ST011597.jpg
iStock-547510456.jpg

Une harmonie entre tradition et modernité

La beauté de Mayotte réside dans la cohabitation harmonieuse entre habitudes empruntées à l’occidentalisme récent et le maintien des traditions séculaires. Il n’y a donc rien d’étonnant à voir des Mahoraises s’habiller de manière occidentale et le lendemain porter avec beaucoup de fierté le salouva (tissu aux couleurs chatoyantes) et le m’dzindzano (leur masque de beauté), le tout sans aucun paradoxe. Les Mahorais dans leur grande majorité font le ramadan, font leur shopping pré-mariage à Dubaï, partent en pèlerinage pour La Mecque et fêtent de plus en plus Noël avec le père Noël et tous ses jolis cadeaux. On parle le shimaoré en famille, entre amis et dans les taxis, mais on parle automatiquement en français avec les M’zungus. On continue à aller voir le fundi (celui qui sait) pour soigner son enfant par des prières ou des herbes, puis on finit par le médecin généraliste m’zungu ayant suivi son cursus en Métropole. On trouve encore beaucoup de gens sur le bord des routes à l’image des agriculteurs avec leurs tchombos, des petits sabres de travail, sortant d’un champ de manioc. Les enfants jouent avec de vieux pneus, font la course ou s’amusent avec l’eau de pluie une fois délaissés le téléphone portable ou la télévision. Les zébus, cabris et biquettes paissent le long des routes… Pas de superficiel sur Mayotte, tout est vrai et authentique.
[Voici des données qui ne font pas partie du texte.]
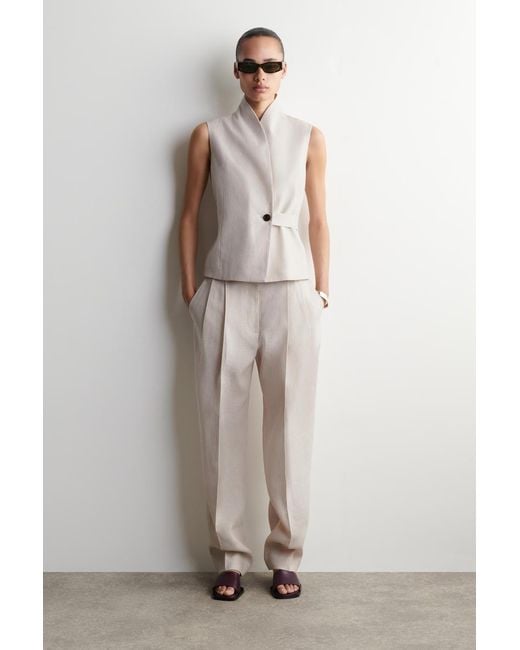 COS Natural Shawl-Collar Belted Linen Vest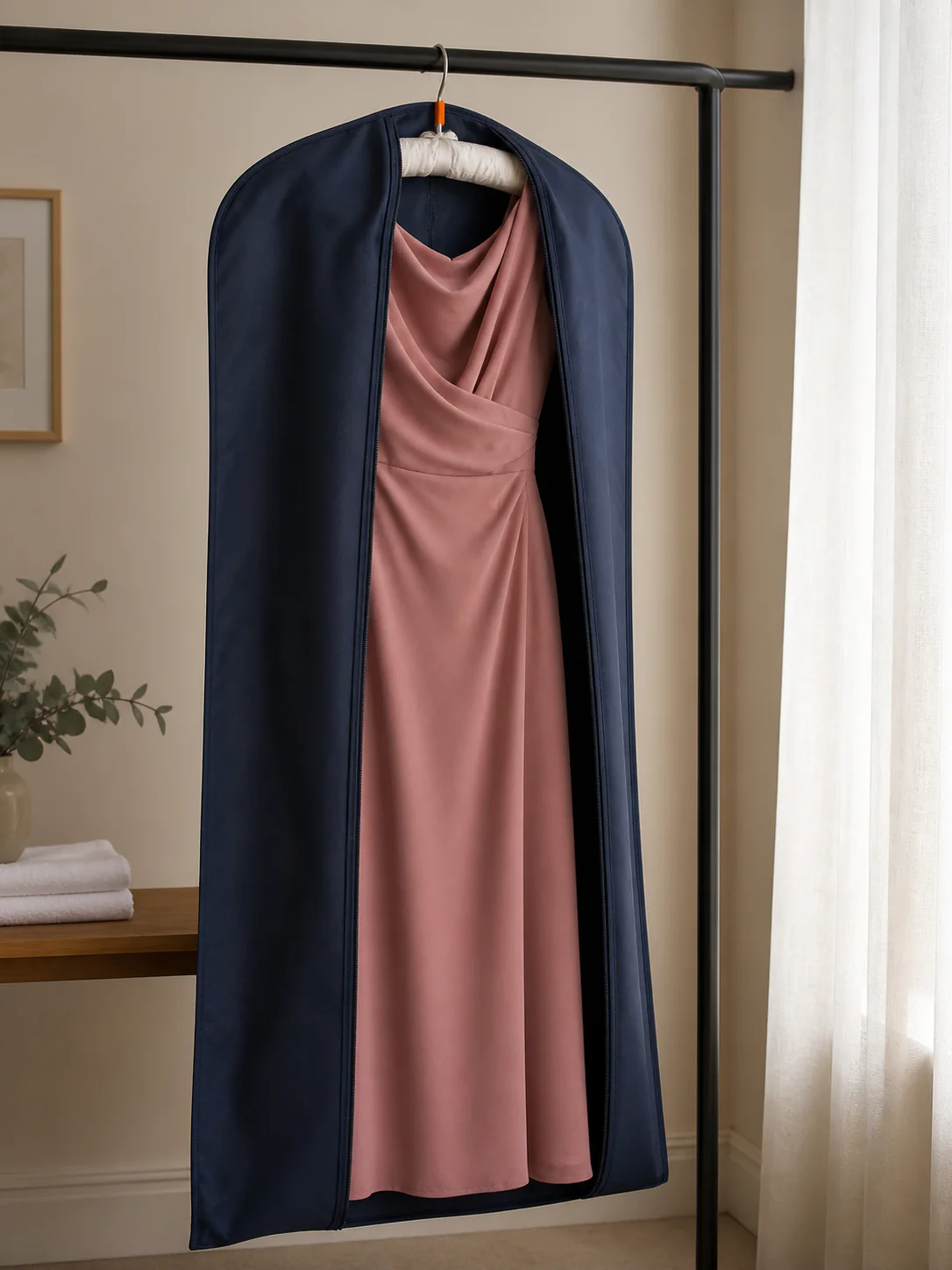 A steamed occasion dress hanging full length after pressing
Une vie collective qui dépasse l’individualité

Profondément enraciné dans la mentalité africaine et malgache des habitants, l’esprit de clan ou de confrérie est le premier marqueur de la structure sociale des habitants. L’entraide, ou la musada, y est toujours très présente. Les Mahorais sont toujours attachés à leur famille, à leur clan et à leur village avant de développer toute identité au niveau d’une nation, d’une île. Jusqu’à une date récente, la famille était fondée sur le lignage et incluait non seulement les parents biologiques et leurs progénitures, mais surtout les grands-parents, les oncles, les tantes, les neveux, les cousins, les petits-enfants. Au même titre que la société rurale d’où elle est issue, la hiérarchie rigide faisait du doyen le chef de la famille. Cependant les changements intervenus ces vingt dernières années, l’explosion démographique ainsi que la forte monétarisation de l’économie et la mise en place du droit commun ont fait imploser le modèle traditionnel. Ainsi, les jeunes Mahorais qui ont eu la chance d’être scolarisés tentent de gommer les rigidités et de créer un nouveau modèle combinant les traditions locales avec le mode de vie à l’occidentale.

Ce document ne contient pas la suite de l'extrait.